Nel 2020 aveva chiesto agli elettori di poter governare altri quattro anni. Il 51 per cento dei votanti aveva detto di no

Il popolo aveva deciso. E Trump aveva risposto a chiare lettere che non gliene importava niente. Secondo il rapporto finale della commissione d’inchiesta della camera sull’assalto al congresso del 6 gennaio 2021, l’ex presidente ha tentato di ribaltare il risultato delle elezioni. Trump, ha scritto la commissione, “ha esercitato illegalmente pressioni su funzionari statali e politici per modificare i risultati del voto nei loro stati”. Ha “supervisionato un tentativo di trasmettere falsi certificati elettorali al congresso e agli archivi nazionali”. Ha “convocato decine di migliaia di sostenitori a Washington per il 6 gennaio”, il giorno in cui il congresso avrebbe dovuto certificare i risultati, e “ha dato loro istruzioni di marciare verso il Campidoglio” per “riprendersi il paese”. Ha anche attaccato su Twitter il vicepresidente Mike Pence, sapendo perfettamente che in quel momento “era in atto un violento attacco al congresso”.

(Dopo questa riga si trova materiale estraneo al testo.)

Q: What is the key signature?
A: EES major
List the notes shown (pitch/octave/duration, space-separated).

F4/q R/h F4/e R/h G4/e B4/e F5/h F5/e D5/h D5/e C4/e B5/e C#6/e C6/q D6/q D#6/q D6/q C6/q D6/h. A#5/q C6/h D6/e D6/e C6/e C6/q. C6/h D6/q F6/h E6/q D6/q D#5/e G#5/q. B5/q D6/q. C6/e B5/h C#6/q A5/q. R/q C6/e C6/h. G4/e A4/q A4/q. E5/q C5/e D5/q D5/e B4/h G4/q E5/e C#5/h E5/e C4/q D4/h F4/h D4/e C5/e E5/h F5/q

Trump “nonostante diverse richieste si è rifiutato di ordinare ai suoi sostenitori violenti di disperdersi e lasciare il congresso, e invece ha assistito all’attacco in televisione”. Non ha schierato la guardia nazionale, né ha “dato ordine di fornire supporto alle forze dell’ordine federali”.

Trump, insomma, ha cercato di sovvertire l’ordine costituzionale e di ribaltare i risultati delle presidenziali. E quello che non è riuscito a fare attraverso le arcane procedure del collegio elettorale, ha cercato di farlo attraverso la minaccia della forza bruta, messa in atto da un’orda di facinorosi.

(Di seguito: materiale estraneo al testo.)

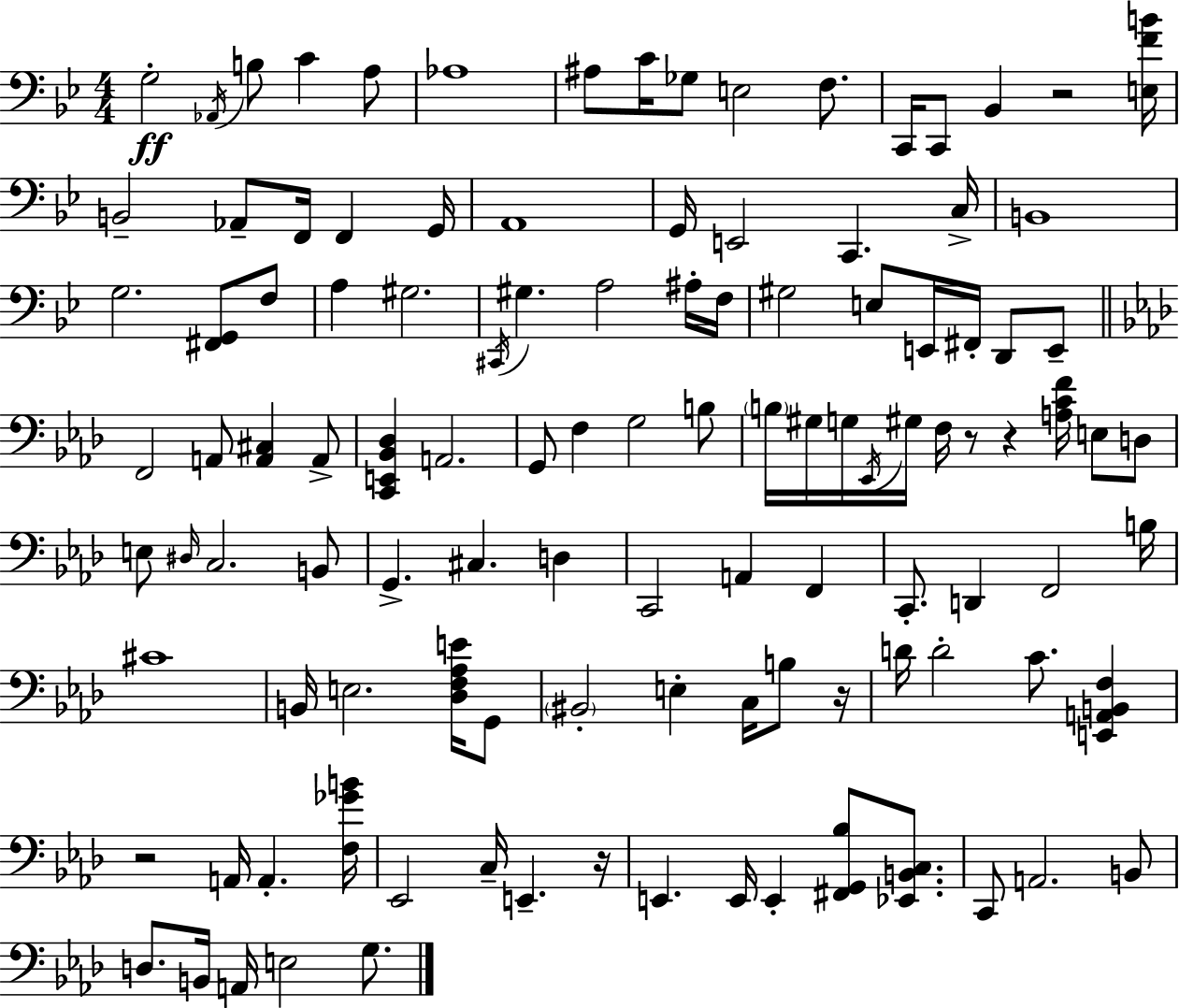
X:1
T:Untitled
M:4/4
L:1/4
K:Gm
G,2 _A,,/4 B,/2 C A,/2 _A,4 ^A,/2 C/4 _G,/2 E,2 F,/2 C,,/4 C,,/2 _B,, z2 [E,FB]/4 B,,2 _A,,/2 F,,/4 F,, G,,/4 A,,4 G,,/4 E,,2 C,, C,/4 B,,4 G,2 [^F,,G,,]/2 F,/2 A, ^G,2 ^C,,/4 ^G, A,2 ^A,/4 F,/4 ^G,2 E,/2 E,,/4 ^F,,/4 D,,/2 E,,/2 F,,2 A,,/2 [A,,^C,] A,,/2 [C,,E,,_B,,_D,] A,,2 G,,/2 F, G,2 B,/2 B,/4 ^G,/4 G,/4 _E,,/4 ^G,/4 F,/4 z/2 z [A,CF]/4 E,/2 D,/2 E,/2 ^D,/4 C,2 B,,/2 G,, ^C, D, C,,2 A,, F,, C,,/2 D,, F,,2 B,/4 ^C4 B,,/4 E,2 [_D,F,_A,E]/4 G,,/2 ^B,,2 E, C,/4 B,/2 z/4 D/4 D2 C/2 [E,,A,,B,,F,] z2 A,,/4 A,, [F,_GB]/4 _E,,2 C,/4 E,, z/4 E,, E,,/4 E,, [^F,,G,,_B,]/2 [_E,,B,,C,]/2 C,,/2 A,,2 B,,/2 D,/2 B,,/4 A,,/4 E,2 G,/2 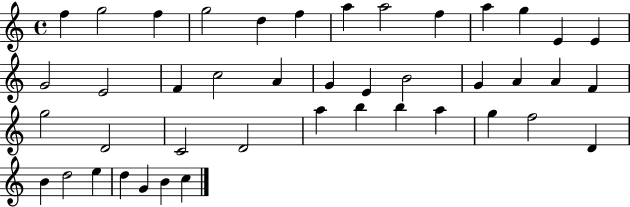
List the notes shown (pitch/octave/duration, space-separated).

F5/q G5/h F5/q G5/h D5/q F5/q A5/q A5/h F5/q A5/q G5/q E4/q E4/q G4/h E4/h F4/q C5/h A4/q G4/q E4/q B4/h G4/q A4/q A4/q F4/q G5/h D4/h C4/h D4/h A5/q B5/q B5/q A5/q G5/q F5/h D4/q B4/q D5/h E5/q D5/q G4/q B4/q C5/q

Vista in questa ottica, l’argomentazione per l’esclusione di Trump in base al 14° emendamento non fa una piega. La sezione 3 stabilisce che “nessuno potrà ricoprire alcuna carica pubblica civile o militare se, dopo aver giurato di difendere la costituzione degli Stati Uniti, abbia preso parte a un’insurrezione o ribellione contro di essi o abbia dato sostegno ai nemici dello stato”.

Ha usato il suo potere per cercare di sovvertire l’ordine costituzionale. Escluderlo dalle elezioni è antidemocratico?

Come ha scritto lo studioso di diritto Mark A. Graber in una memoria legale presentata alla corte suprema del Colorado, “per insurrezione i giuristi statunitensi intendevano un tentativo di due o più persone d’intralciare con la forza o con l’intimidazione l’applicazione della legge federale”. All’epoca della ratifica dell’emendamento c’era anche un consenso legale sul fatto che un individuo fosse “coinvolto in un’insurrezione laddove deliberatamente incitasse, favorisse o comunque partecipasse a un’insurrezione”. Sappiamo anche che chi scrisse il 14° emendamento non intendeva escludere il presidente degli Stati Uniti da queste clausole. Nel 1870 il senato, controllato dai repubblicani, si rifiutò di far insediare il democratico Zebulon Vance, ex governatore confederato della North Carolina. È poco credibile pensare che gli stessi repubblicani sarebbero rimasti in silenzio se nel 1872 il Partito democratico avesse candidato un ex leader confederato alla presidenza. Secondo una semplice lettura della sezione 3 – e considerate le prove svelate dalla commissione sui fatti del 6 gennaio – Trump quindi non può candidarsi alla presidenza degli Stati Uniti, né a nessun’altra carica federale.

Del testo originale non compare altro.